Thurgood Marshall, meet your nemesis, Corporate Lawyer.

But we shouldn't discount the contributions of lawyers. Most of those on the political left who defend the profession point to public-interest law as its saving grace. For the left, corporate law seems to be nearly indefensible.

But the challenge to corporate law is important. Corporate lawyers must devise constraints needed to temper the excesses of rampant capitalism, a task of profound public service. Corporate lawyers, for example, perform most of the pro bono work in this country.

The business of corporate law--its transactional, almost sterile nature--does not lend itself to glamorization. The 30 percent of lawyers who practice public interest law (government and not-for profit work) are often more visible. Issues which inhabit the moral high ground, such as the preservation of constitutional liberties, are often more immediate and personally relevant to the public.

This isn't to say that corporate law as a profession has no excesses. Professor of Law Detlev Vagts points to the Union Carbide disaster in Bhopal as one of the worst. Hundreds of American lawyers descended on the city in an appalling display of venality.

But even with such excesses, current ideas for reform go too far. The Bush administration, charging that American society has become too litigious (this in spit of a downward swing in litigation since 1985), has called for a drastic overhaul of the civil justice system.

Bush and Quayle claim that its inefficiencies and skyrocketing costs are impinging negatively on the economy. They claim(with unbuttressed statistics) that Americans spend more than $80 billion a year on direct litigation costs and $300 billion in indirect costs, which include the expense of avoiding liability.

Suggestions for reform include the attachment of specific dollar amounts to jury awards, the curtailing of punitive damages and the adoption of the English rule (by which the losing party pays all costs).

In the zeal for institutional reform, two major issues remain unaddressed--access to courts and the correct assignation of blame. In an increasingly mobile post-industrial society, there is a ubiquity of harm. The safety nets traditionally provided by family and neighborhood have been diminished to a substantial degree. The sole means of redressing grievances and for establishing a proper standard of care lies with the courts.

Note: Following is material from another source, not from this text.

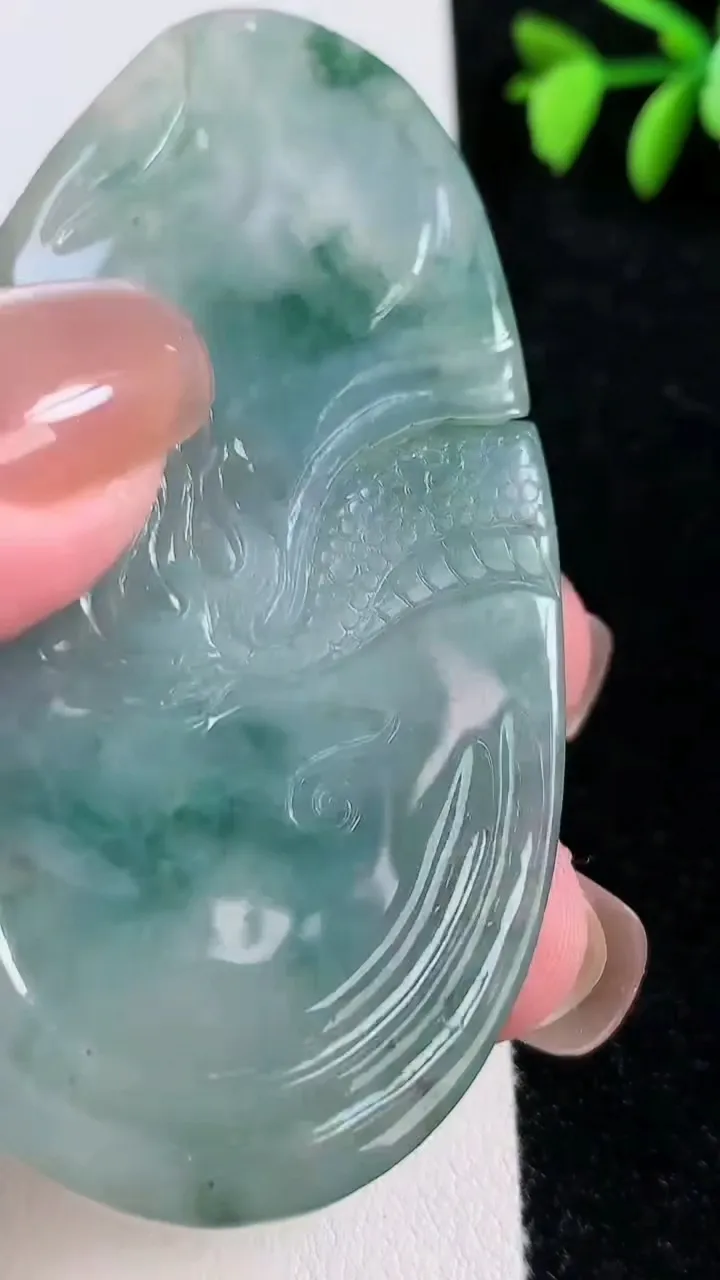 天然A货翡翠飘花御龙关公吊坠，尺寸72.4-37-6.6，重:32.70g
11月13日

Yes, juries may occasionally award large sums of money to grievously injured, sympathetic plaintiffs. But what about the thousands of victims who sue and receive nothing? If anything, the U.S. needs to liberalize access to the courts for people with legitimate grievances. Access to justice is a fundamental part of any democracy. Inequities of access may be counteracted by the contingency fee system (by which a lawyer receives compensation only from a jury's reward--not from a losing plaintiff) and by the utilization of lawyers who do pro bono work (free legal service).

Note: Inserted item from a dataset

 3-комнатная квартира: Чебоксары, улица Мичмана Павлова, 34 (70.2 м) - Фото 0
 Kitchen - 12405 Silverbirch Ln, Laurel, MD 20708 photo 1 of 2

Pro bono responsibilities, in fact, are acknowledged as being important and are formally codified in the American Bar Association's Rules of Professional Conduct.

The practice of law is a demanding and honorable profession. It offers challenging opportunities in a wide range of substantive areas. It attracts a talented, diverse group of people. Each profession has its misfits, and the law is no exception. But the actions of some should not taint all.

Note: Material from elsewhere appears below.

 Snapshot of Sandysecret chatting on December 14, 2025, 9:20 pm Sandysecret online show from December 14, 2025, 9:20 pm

Navigating the complexities of modern life often requires the expert guidance of lawyer. Admittedly, there is a need for some cost-sensitive alternatives to resolving disputes. We should, however, step back from the divisive rhetoric and examine the facts.

And finally, we need to stop misquoting Shakespeare. Yes, he did write "First thing we do, let's kill all the lawyers." But this exhortation, when read in context, reveals that Shakespeare actually wrote this as a defense of lawyers, whom he thought defended society against tyranny and widespread anarchy.

Lorraine A. Lezama, a contributing writer for the Opinion page, plans to join the ranks of the despised profession. She's been reading a lot of de Tocqueville lately.